Le tropisme anthropique sur l'entropie : jouant des mots et de leurs sonorités, on pourrait synthétiser ainsi l'approche de ce dernier (mais non ultime, espérons-le !) opus austérien. Cette humaine tendance à penser la déchéance, cette loi entropique dont la physique explique qu'elle s'intéresse aux systèmes organisés qui deviendraient, avec le temps, de moins en moins stables et structurés. Bref, le vieillissement, humaine entropie quelque part, et les questions, les obsessions, les besoins de mettre en mots et en formes qu'elle suscite chez tous, écrivains, nous, vous... et toi.
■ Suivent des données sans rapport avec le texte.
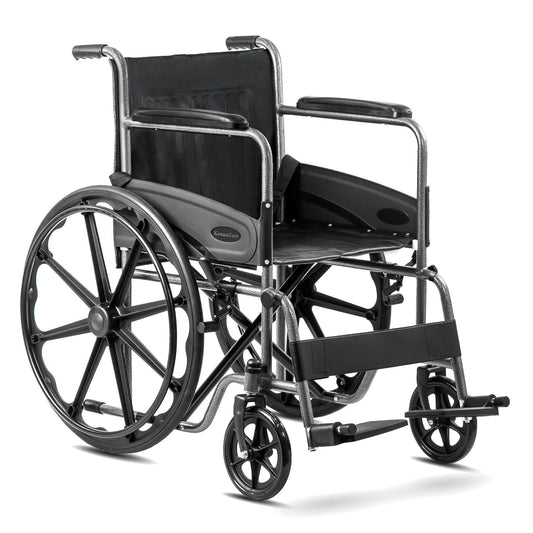 KosmoCare Dura Rexine Wheelchair | Self-Propelled & Attendant Use | Hammered Finish MS Frame | 24" Mag Wheels | Removable Footrests | Foldable Design | Comfortable Rexine Seat | Supports Up to 100 kg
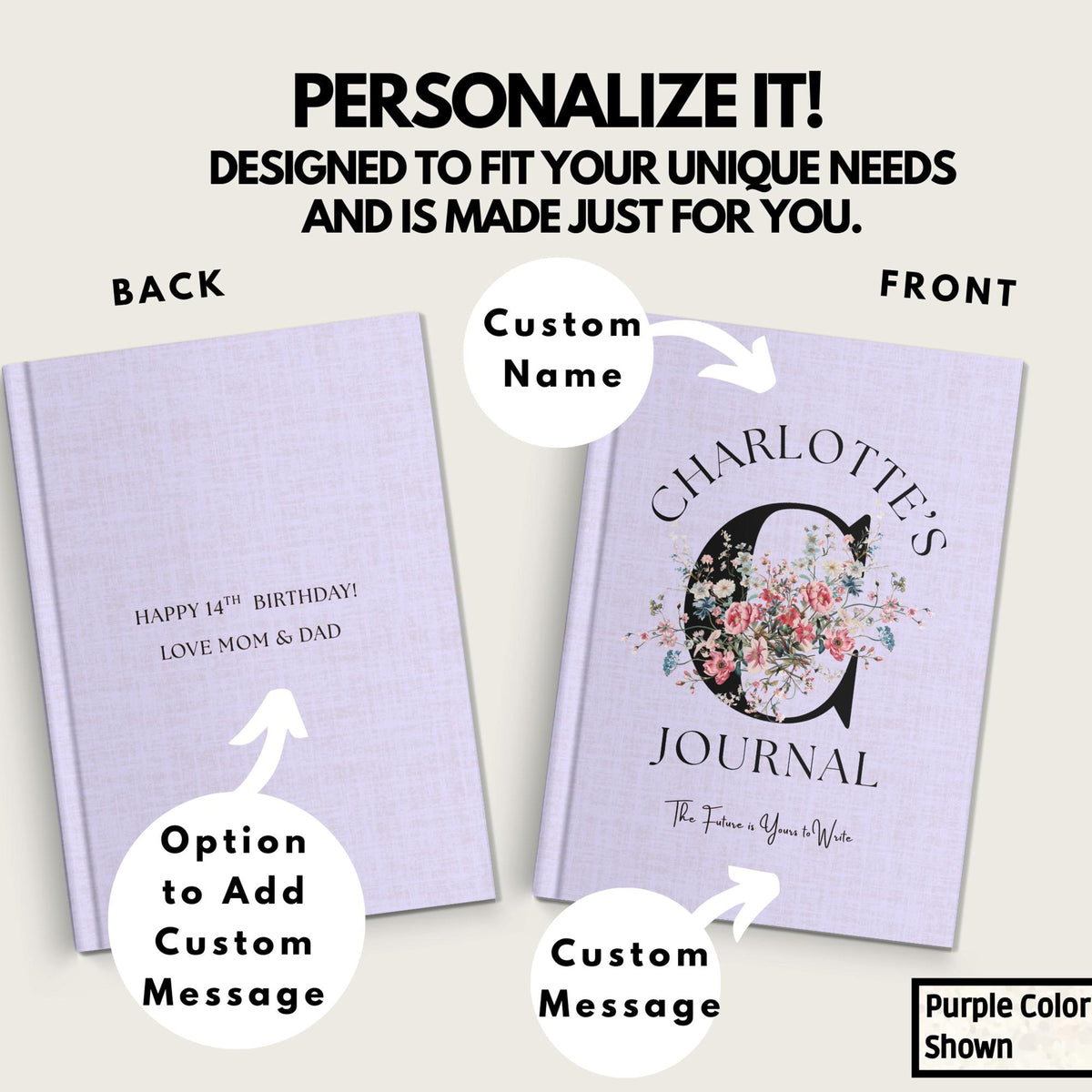 Personalized Floral Journal, Custom Monogram Name Notebook, Teen Girl Birthday Gift from Parents, Niece Keepsake Book, Initial Journal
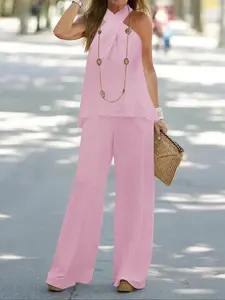 Women's Plain Halter Neck Sleeveless Top and Wide Leg Pants Set, Spring Summer Comfort Casual Fashion, Two-Piece Set, Outfit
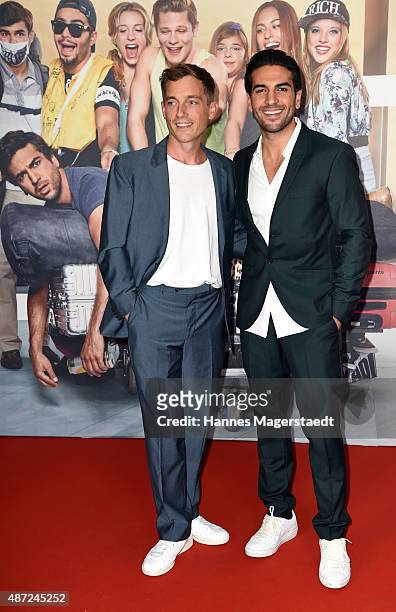 Actor Volker Bruch and Elyas M'Barek attend the 'Fack ju Goehte 2' Munich Premiere at Mathaeser Filmpalast on September 7, 2015 in Munich, Germany.
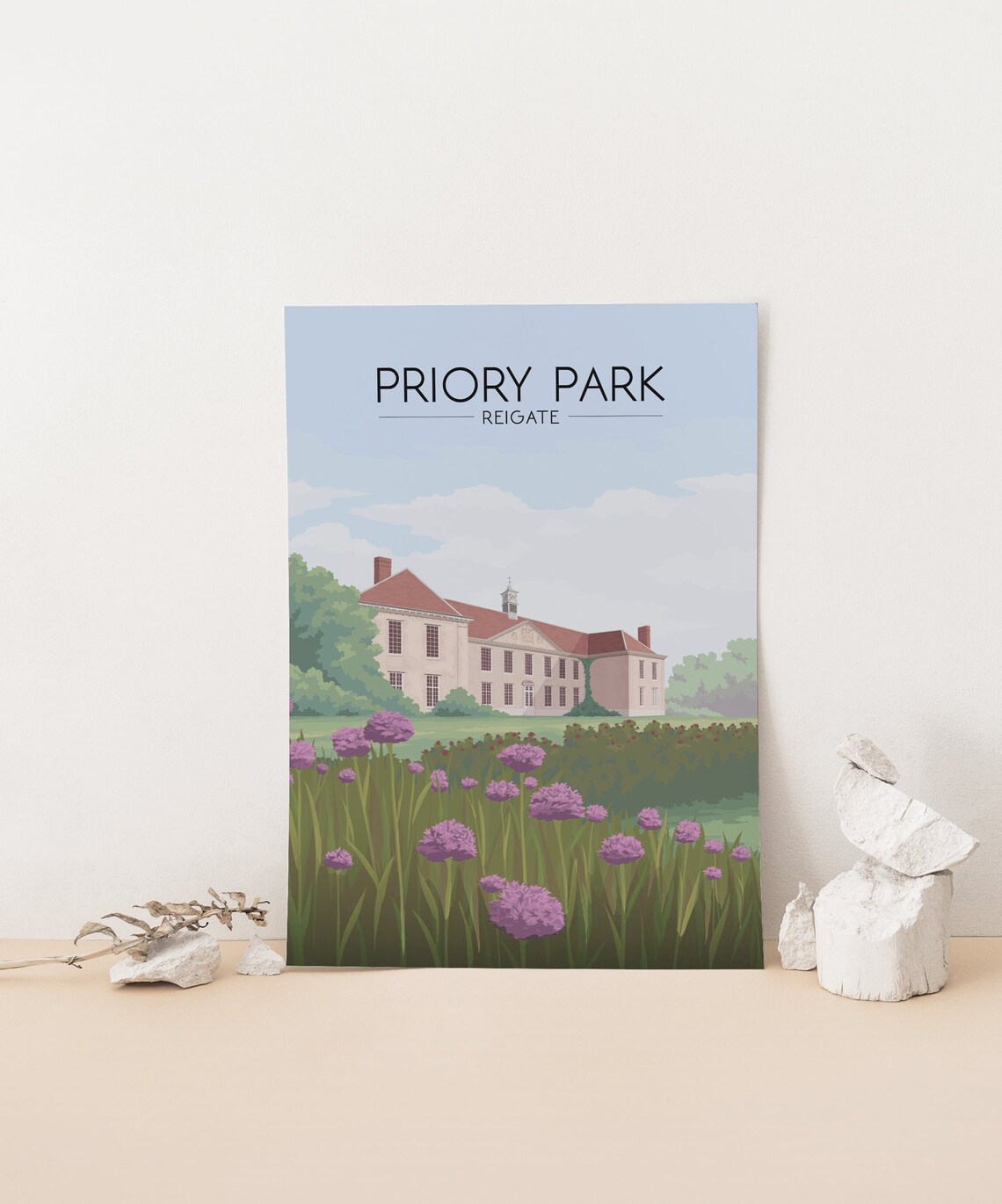 Priory Park Reigate Historic Manor House Flower Meadow Poster - Image 4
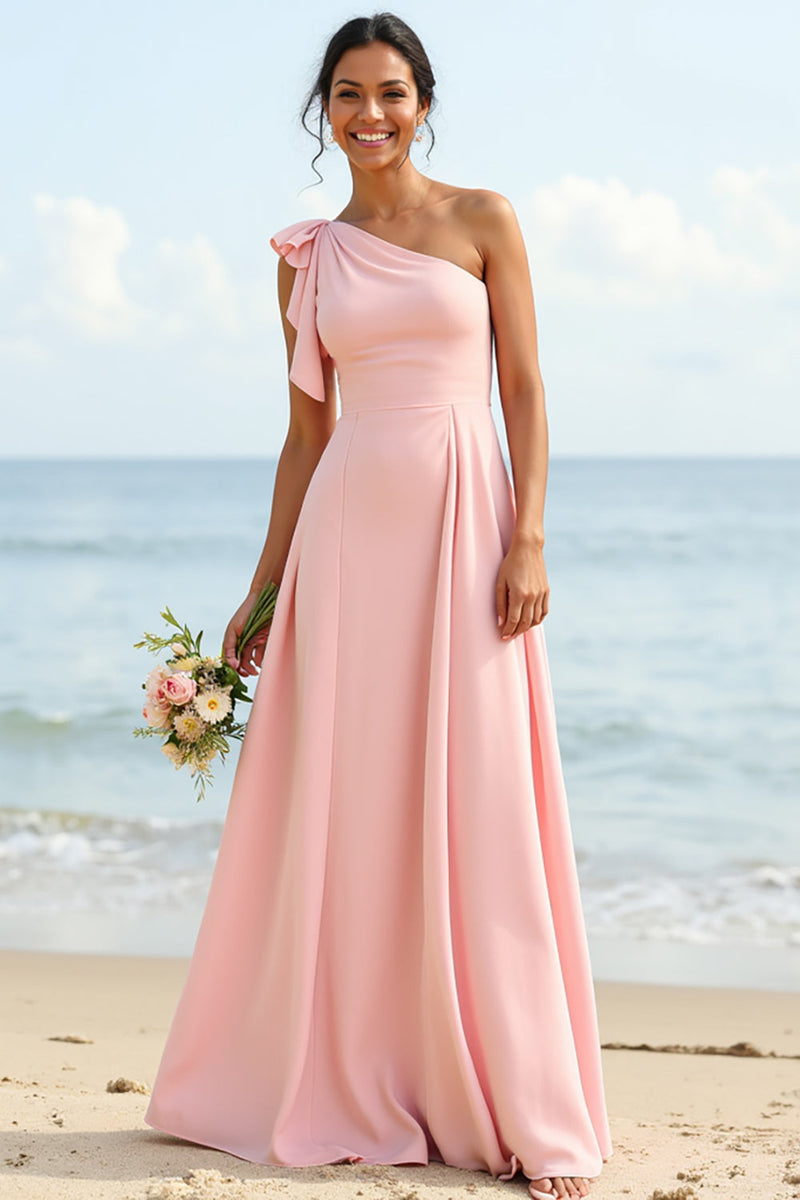 Load image into Gallery viewer, Blush One Shoulder Boho Maxi Bridesmaid Dress with Ruffles
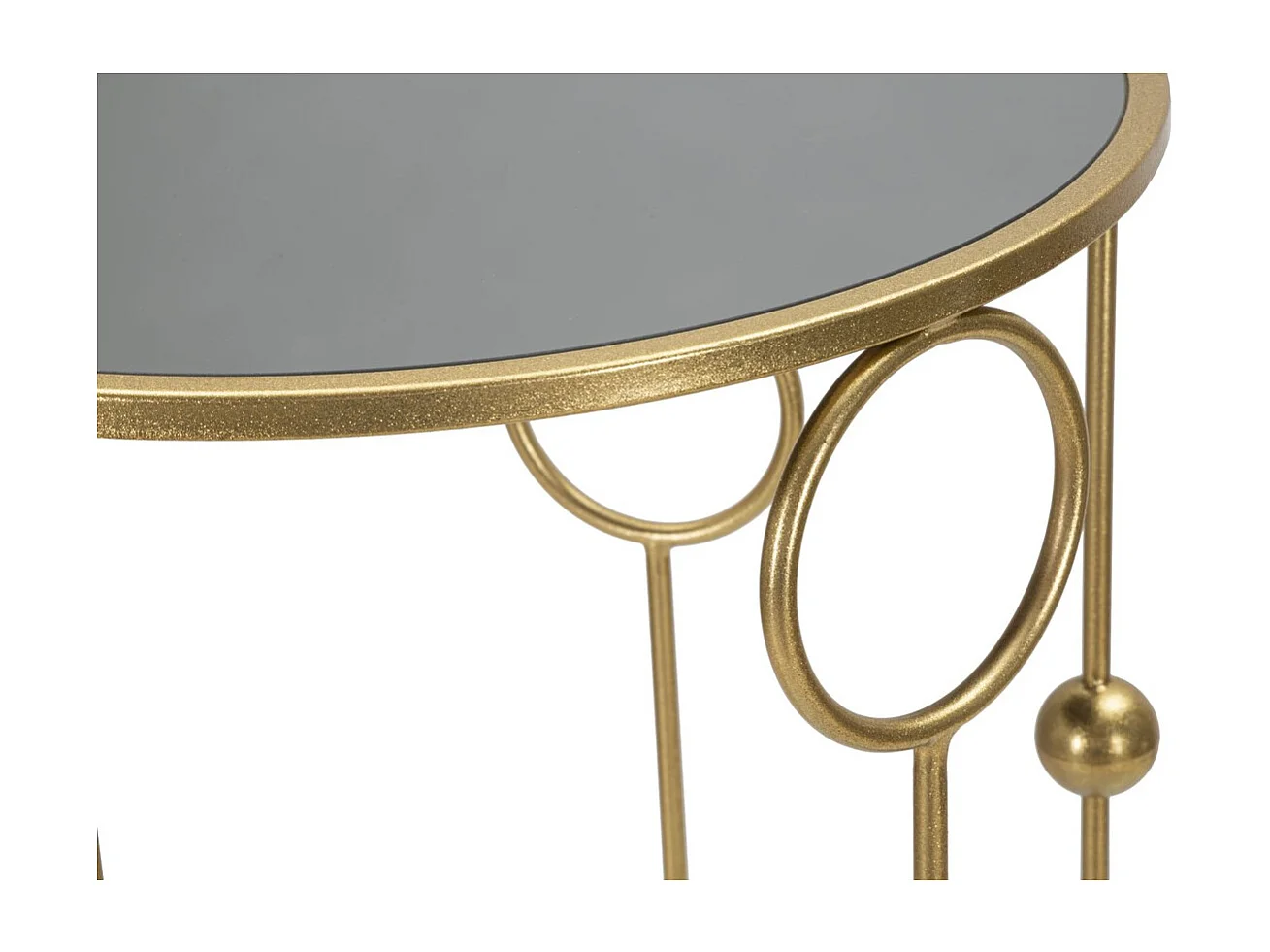 Conjunto de Mesitas Auxiliares Círculos 35, Oro, 50x50x100 cm, Kendra Home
Une loi universelle que Paul Auster, homme entré dans ce dernier pan de la vie que l'on n'appelle plus le troisième âge (comment un baby-boomer pourrait-il être... vieux ?!), expose ici en recourant en effet au tutoiement. Un procédé habile par lequel l'auteur, tout en se parlant à lui-même, se mettant à distance pour mieux se dire et se comprendre, non seulement esquive l'enfermement dans l'autofiction, mais crée du sens pour celui qui le lit dans une sorte d'intime connivence. Je me parle de moi, je te parle de toi, je nous parle de nous...

Car au-delà des détails d'une vie singulière, souvenirs bien à soi, livrés humblement mais sans pudeur, c'est de ''la vie ordinaire'' qu'Auster parle sublimement. La vie côté corps, notre plus tangible dénominateur commun, celles des plaisirs et des peines, des émois et des peurs, des douleurs et des frémissements. Chronique d'hiver n'est donc pas, par cet entremêlement narratif du ''je'' et du ''vous'', une autobiographie ; pas autobiographique non plus par sa construction, qui n'est pas chronologique mais plutôt kaléidoscope littéraire, tricot de souvenirs au gré des sensations et de procédés taxinomiques. Ainsi par exemple quand Auster écrit non plus côté corps mais... côté rue, énumérant les adresses où, de l'enfance à Brooklyn, il a vécu... et ressenti.

On préfère à ce chapelet géographique celui des états physiques : les crises, la perte de moyens, le constat d'un corps qui, quand il ne lâche pas certains jours, rappelle souvent qu'il décline. "C'est l'histoire même de ta vie. Chaque fois que tu parviens à une croisée des chemins, ton corps s'effondre, car ton corps a toujours su ce que ton esprit ignorait (...), c'est toujours ton corps qui a repris à son compte le fardeau de tes peurs et de tes batailles internes".

Un roman qui, au final, parle donc moins de Paul Auster que de nous-mêmes, instaurant un dialogue entre "l'homme silencieux coupé du reste du monde et qui reste assis à son bureau jour après jour sans autre but que celui d'explorer l'intérieur de sa propre tête" et cet autre solitaire, qui, d'une couette au transbahutement d'un transport en commun, de l'assise confortable d'un fauteuil complice aux caresses du sable, de l'herbe, d'un matelas où il s'allonge sans dormir : le lecteur ; vous, nous... toi.